Large seizures (BTCS) are found in a high percentage [5] of younger patients and are usually recognized as epileptic seizures even by medical laypersons and are often preceded by prodromes or auras [22]. Affected individuals aged over 65 years were found [32, 34] to be less likely to self-report their seizures. In one study [22], BTCS was found in only 27% of elderly patients with epilepsy on video-EEG. In another study [29], a lower proportion of convulsive seizures was seen, but a higher proportion of events with clouding of consciousness and confusion. These seizures occur more frequently without typical automatisms [1, 22] and also as non-convulsive status, which can massively complicate the diagnosis. The initial manifestation of epilepsy as SE is associated with a significantly higher mortality rate compared to younger affected individuals [18]. The often atypical presentation of epileptic seizures not infrequently leads to misdiagnosis. For example, in the Veteran Affairs Cooperative Study of patients with an average age of 72 years, it was shown that primary-care physicians misdiagnosed and had not thought of epilepsy in approximately one quarter of cases [13, 25]. The most common misdiagnoses when multiple diagnoses were possible were unexplained change in consciousness (42%), confusion (38%), blackout (29%), impaired memory (17%), syncope (17%), dizziness (10%), and dementia (7%) [25]. In addition, patients may experience postictal phenomena such as paresis or aphasia, especially after convulsive seizures [1, 22]. These are then more easily noticeable than the preceding seizure, and the symptom is misrecognized as a stroke. Postictal paresis is found in just over 10% of seizures on video-EEG [12] and last longer than in younger patients [28]. Like these classic Todd’s phenomena, a postictal twilight state may be prolonged, which is suggestive of a dementia process [3, 4]. The occurrence of non-epileptic seizures is also little known in the group of people of higher age [6].

Case study.

A 68-year-old man presented in a state of high agitation with his two daughters during the author’s seizure consultation hours to report multiple seizures over a period of more than 3 months, but so far all diagnostics (magnetic resonance imaging, EEG, CSF) had been unremarkable. A video on the daughter’s cell phone brought clarity: One saw how the man slumped down in a highly stressful situation (an argument with his wife) and lay motionless on the floor in a type of playing-dead reflex for about 5 min. The association with the wife’s announcement that she wanted to leave him after 39 years of marriage soon became apparent.
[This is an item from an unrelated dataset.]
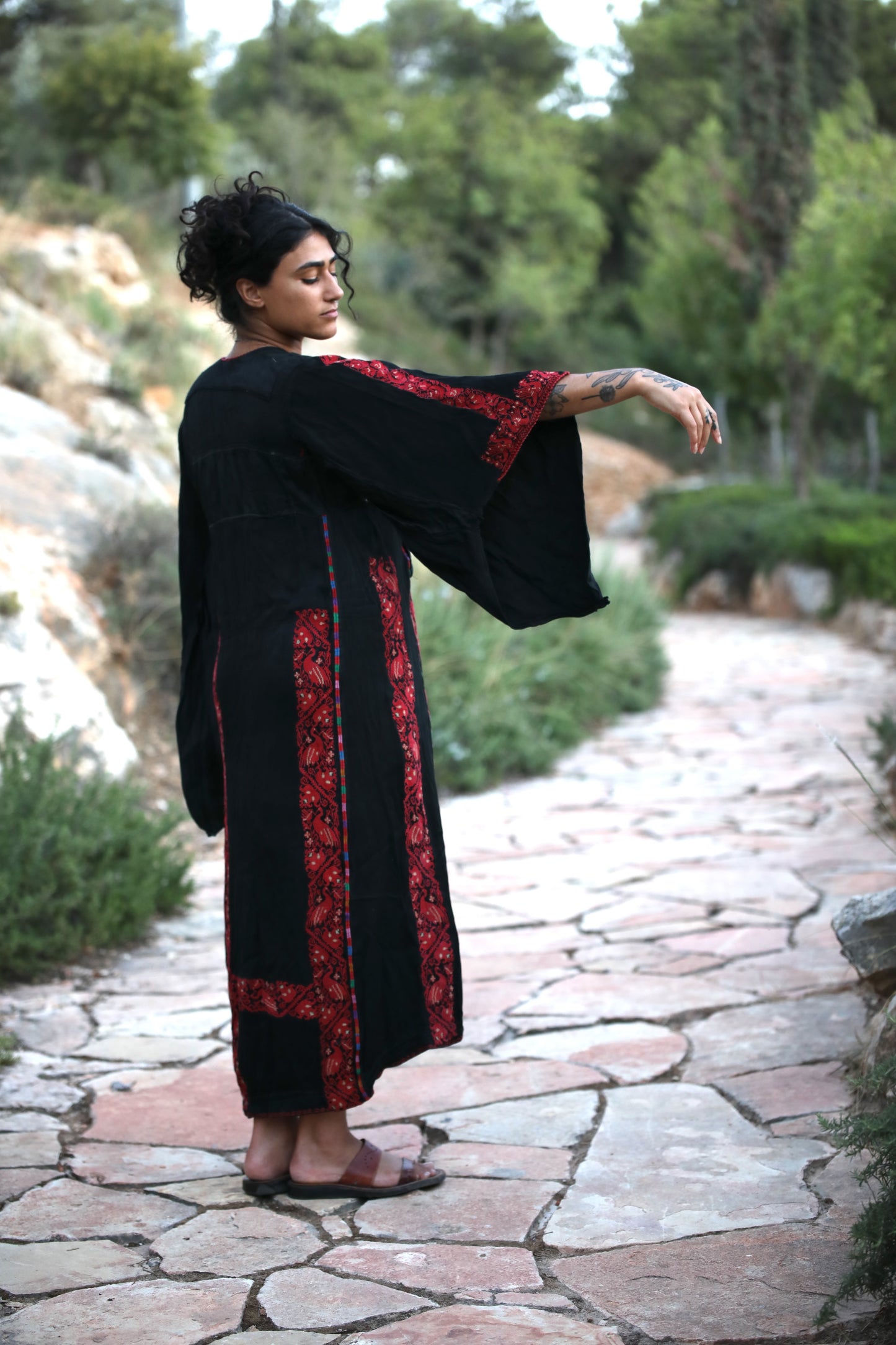 Vintage Palestinian Thobe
The narcissistic mortification of this man, among other things, had presumably been causative in this symptomatology. Even if non-epileptic seizures mostly occur in young adulthood, this man is by far not the only patient over 60 years of age to present with non-epileptic seizures—while known [6], this phenomenon is not very common.

Practical conclusion

  • Older people with epilepsy are seen much more often in acute centers or even at the general practitioner than in epilepsy centers or epilepsy outpatient departments.

  • General practitioners and neurologists should be aware of the often very mild semiology of seizures and encourage relatives to film unusual paroxysmal events, even with a cell phone.

  • It may also be useful to administer ex juvantibus 5–10 mg midazolam as a nasal spray or oral solution if frequent seizures cannot be recorded, the EEG remains mild between seizures, and the events are more widely spaced.

  • Untreated epilepsy in old age can lead to status epilepticus and be life-threatening, as can the sequelae of epileptic seizures, up to and including sudden unexpected death in epilepsy.

  • The diagnosis and differential diagnosis of seizures of all types in the elderly should be made in video-EEG monitoring.